Comparative Gaff and Pilodyn Testing of DCOI-A and Penta Treated Pole Sections
Article authored by Dr. Andy Zahora, Senior Research Scientist with Viance, LLC.
In many regions of the United States and Canada utility companies are making increasing use of boom/bucket trucks for above ground line/equipment maintenance, but physical climbing of poles by lineman is still necessary and indeed preferred in some circumstances. It is well established that poles treated with oil-borne preservative systems such as pentachlorophenol (penta) are considered by linemen to be safer and easier to climb than water-borne preservative systems such as CCA. DCOI-A in an HSA solvent system was recently standardized by AWPA as an alternative to penta for utility poles and there is a need for data that demonstrate if this new system will have any impact on pole climbability.
The climbability of the DCOI-A treatment in southern pine was compared to penta using gaff and pilodyn pin penetration measurements. Pole sections were quartered, with different sections of the same poles treated with either DCOI-A or penta in an HSA solvent system.

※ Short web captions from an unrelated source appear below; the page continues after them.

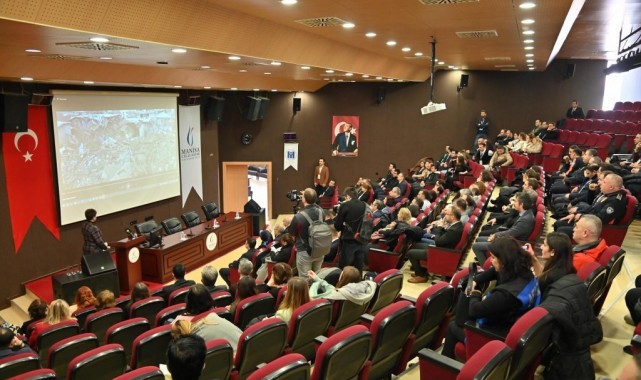 'Depreme dirençli Manisa Çalıştayı'nın açılışı yapıldı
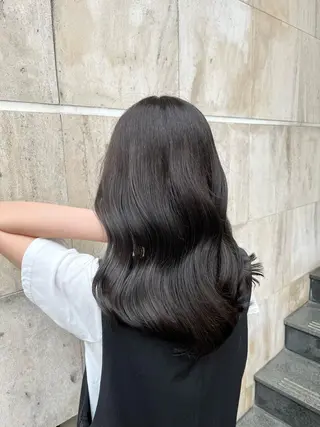 ミディアム カラー ブリーチなし✨艶髪 カラー𓃲YAGIのヘアスタイル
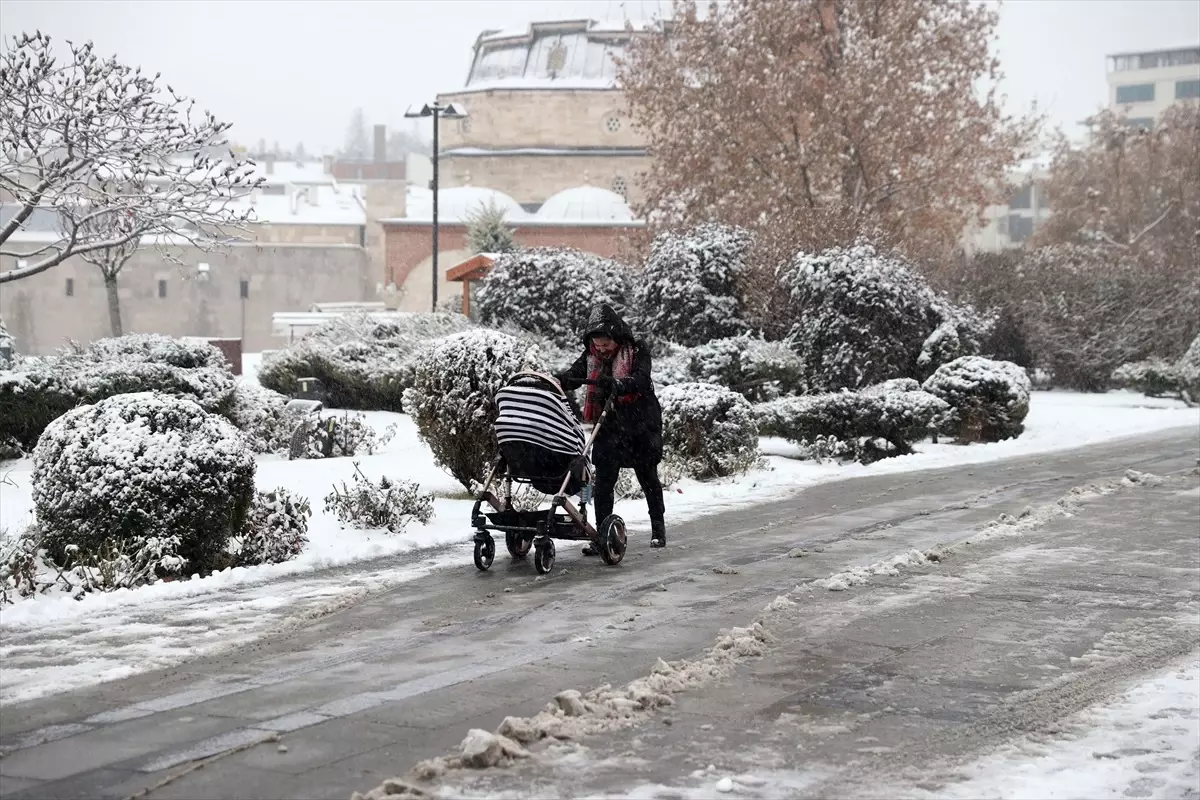 Sivas’ta Kar Yağışı Etkili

CCA was included as a “harder-to-climb” reference system. Results from “slide-hammer gaff” penetration and pilodyn pin penetration tests showed there was no difference in the depth of penetration into DCOI-A and penta treated pole sections. Results from both test methods revealed that gaff and pilodyn pin penetration into the oil-borne treated samples were about 20-25% deeper than in the matched CCA treated pole sections.